More importantly (at least for the sake of this column), I’ve religiously watched Mary Poppins before beginning the edits on all four of my feature documentaries and before many of the other nonfiction films I’ve edited. The cynical might suggest this is a palette cleanser of fun entertainment before a slog, or perhaps I’m a creature of dumb ritual. But I’m no superstitious fetishist and editing is my favourite form of entertainment.
No, I have gotten into the habit of watching the 1964 partly animated musical before editing documentaries because its masterful structures serve as a brilliant lesson on how to tell nonfiction stories. And because I’ve edited over a dozen feature films, I think I can explain why this is not useless idiosyncrasy.
There is a narrative dilemma with documentaries, for starters, that musical storytelling can inform. With traditional fiction, the creation of narrative is more or less stable; a scene is written, directed and performed to achieve certain story, character or tonal results.
Of course the most interesting fiction tends to allow a push/pull between the written and the random, as reality and chance can often complicate matters. Broadly speaking, though, typical fiction still tends toward the fixed and planned. The storytelling in fiction may sometimes feel over-determined, but the control obviously gives the filmmaker a lot of narrative flexibility.
Documentaries, however, are generally built from captured moments that are by nature out of control. Editing nonfiction footage is an inherently self-reflexive act, then, because viewers usually understand instinctively the tension between the chaotic real and the structured. This tends to create the feeling that all documentaries are meta-storytelling constructs at their core, and not only is this impression inescapable, but it is often directly exploited in the most interesting work.
Beyond this, scenes in documentaries generally give information through broader visual movements, sometimes-fractured dialogue, passing images, elusive/captured motifs, etc. The implication that viewers are seeing glimpses of a full reality for storytelling purposes (rather than, say, everything that was fictionally conceived) can often make the narrative progressions in a documentary feel wider, more mysterious and full of kinky contradictions.

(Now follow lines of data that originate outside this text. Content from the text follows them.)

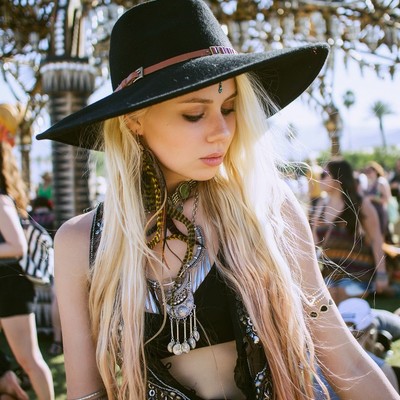 Gypsy soul necklace in silver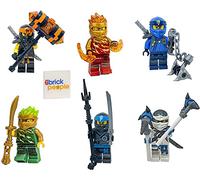 LEGO Ninjago Forbidden Spinjitzu Combo Pack (with Weapons) - Lloyd Zane Jay NYA Cole Kai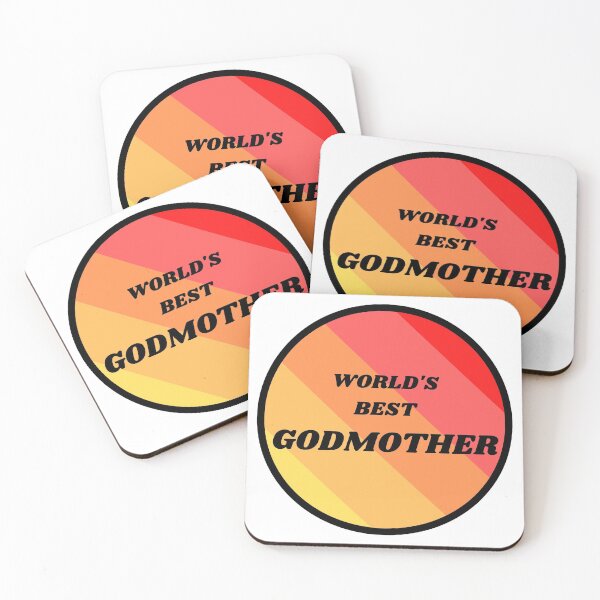 Item preview, Worlds best Godmother RED designed and sold by HybrisStudio.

The lack of “this happens to cause this” tidiness that a viewer experiences with controlled fiction gives reality-based storytelling a sense of movement in waves and bursts. This is by no means a flaw, of course. The unwieldiness in nonfiction is one of its most thrilling aspects. But it does present problems in organising material for maximum impact.
Studying the story movements in films like Mary Poppins can help. Musicals have similar narrative/non-narrative tensions and the best movies artfully exploit this to create unique viewing experiences. The meta sense of an editorial manipulation of observational footage in a documentary can be seen as a corollary to the song-and-dance, reality-defying scenes in a musical. The narrative arrangements are similarly broad, fluid and nontraditional and exploring the way musicals propel stories forward with set pieces, layered meanings and use of expressionistic imagery can be highly instructive.
Mary Poppins is never too plotty and never overly reliant on predictable causal scene development. Characters are not given backstories; they pop onto the screen fully formed, as if magically out of sidewalk drawings. When Mrs. Banks is revealed to be a “dauntless crusader for women’s votes,” a surprisingly mature political opinion for a would-be doting wife, it comes in a delirious musical sequence.
The subversive subtext of the images of blackened, anarchic chimney sweeps rushing through the proper Banks home and down the placid, bourgeois Cherry Tree Lane is never needlessly dwelled on. The film bubbles with wild whimsy and exuberance while laying out a casually scathing critique of arrogant Edwardian-era capitalists who self-assuredly pursue “plantations of ripening tea” while blindly neglecting their families. This is layered, exciting Hollywood cinema, full of gleeful energy and surprising emotional depth.
Where the film goes narratively, and how it gets there, can provide great lessons in how to structure a documentary. Character and story development come by way of magical bursts and elongated set pieces. The film merrily prizes frantic, unexpected moments over plot development and each extended scene, filled with musical numbers and story points, gives the film the sense that it is flowing in long waves.
Still, the movie’s final moments, with Mr. Banks choosing his children and Mary Poppins leaving, are fully realised and emotionally impactful. The journeys we take with these characters, though disjointed and chaotic, give us all we need to know to feel for them at the end of the narrative.
In my own films, my goal is generally to create stories that are gradually compiled from captured moments, moved forward less by plot points than by salient revelations. In Kati with an I [homepage], for example, a scene where young lovers sing their song in a pickup truck gives the viewer no plot development – it doesn’t matter where they’re driving to, only the expressions on their faces – yet this captured exchange nicely sets up the emotional story points for the last act.
A documentary can treat its found moments the way Mary Poppins treats its magical ones. In editing, one must resist the impulse to rely too heavily on plot devices that choke the energy from the inherent messy-with-life-ness of reality-based storytelling. Let the movements roll in big, let the stories being told deepen and give the characters the screen time to come alive. I find Mary Poppins so persistently inspiring because its truly radical narrative structure still results in a fully resonant, emotional experience. As adventurous nonfiction filmmakers continue to look for cues from rule-breaking fiction, let’s remember the biggest inspirations can come in unexpected places.